---------- Given material
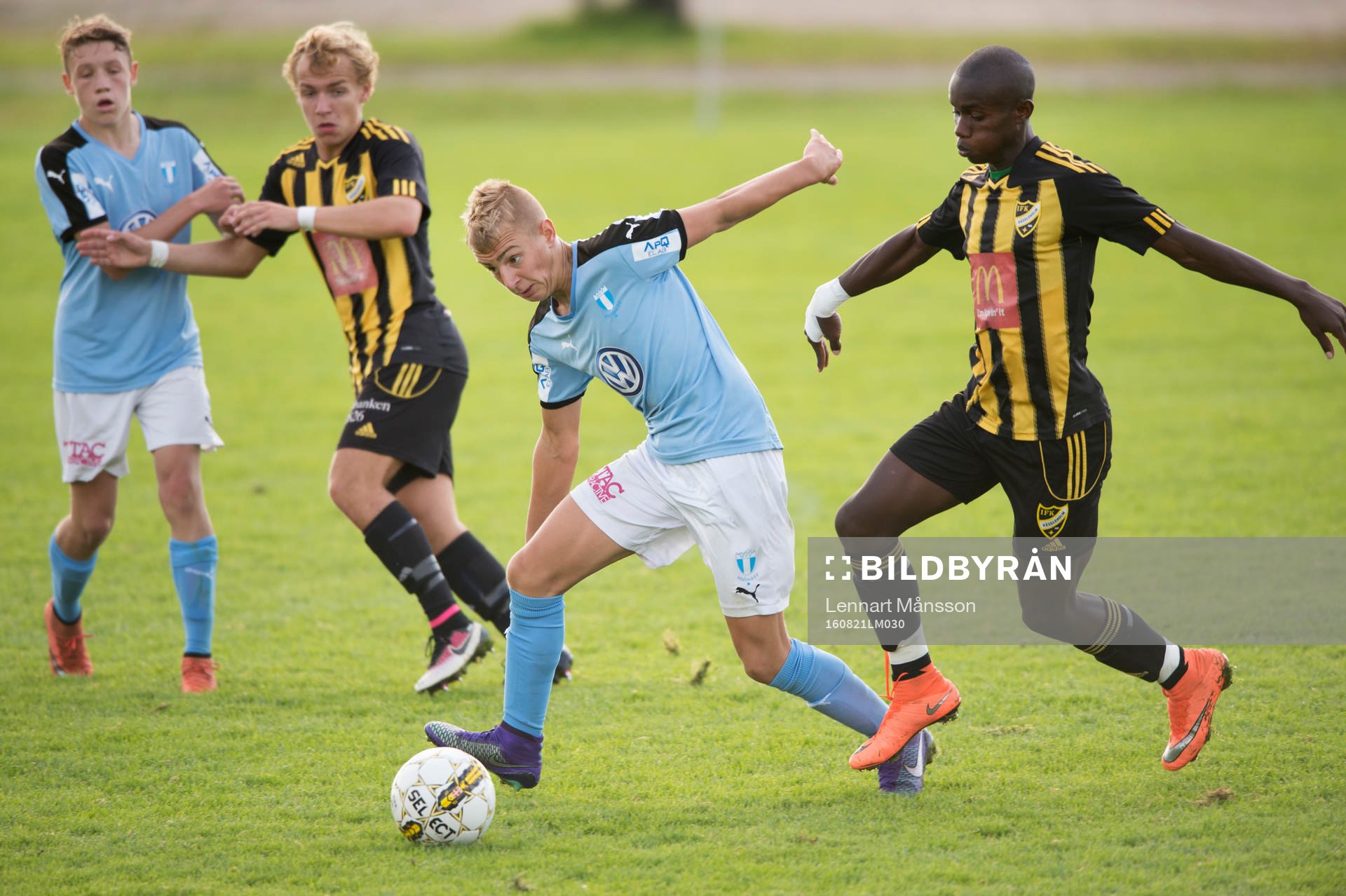 i matchen för pojkar födda 2000 mellan IFK Hässleholm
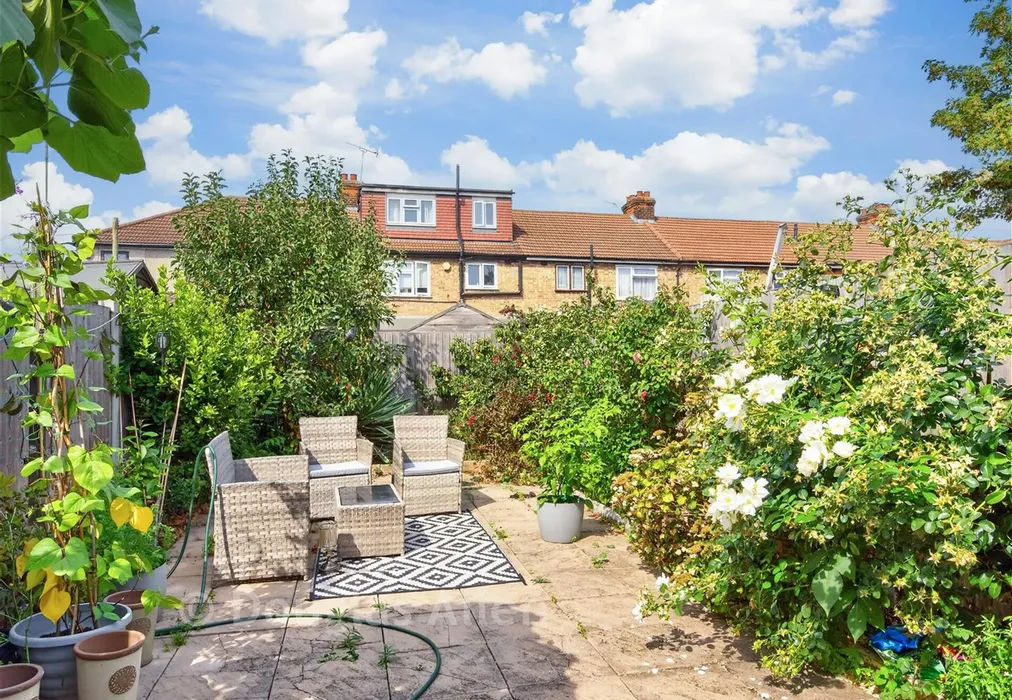 Rear Garden - Kenneth Road, Chadwell Heath, Essex - Wards of Kent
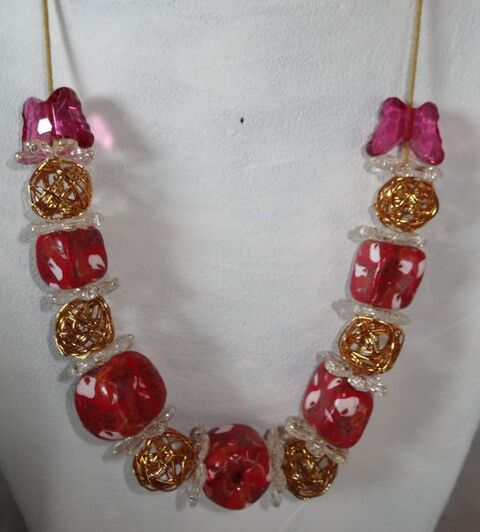 Collier Pte fimo de forme carr rouge multicolore 20 Labastide-Monrjeau (64)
--------------------
**Your objective**
Repeat the listing above in full, exactly, and omit its pictures.

**Completed task**
 i matchen för pojkar födda 2000 mellan IFK Hässleholm
 Rear Garden - Kenneth Road, Chadwell Heath, Essex - Wards of Kent
 Collier Pte fimo de forme carr rouge multicolore 20 Labastide-Monrjeau (64)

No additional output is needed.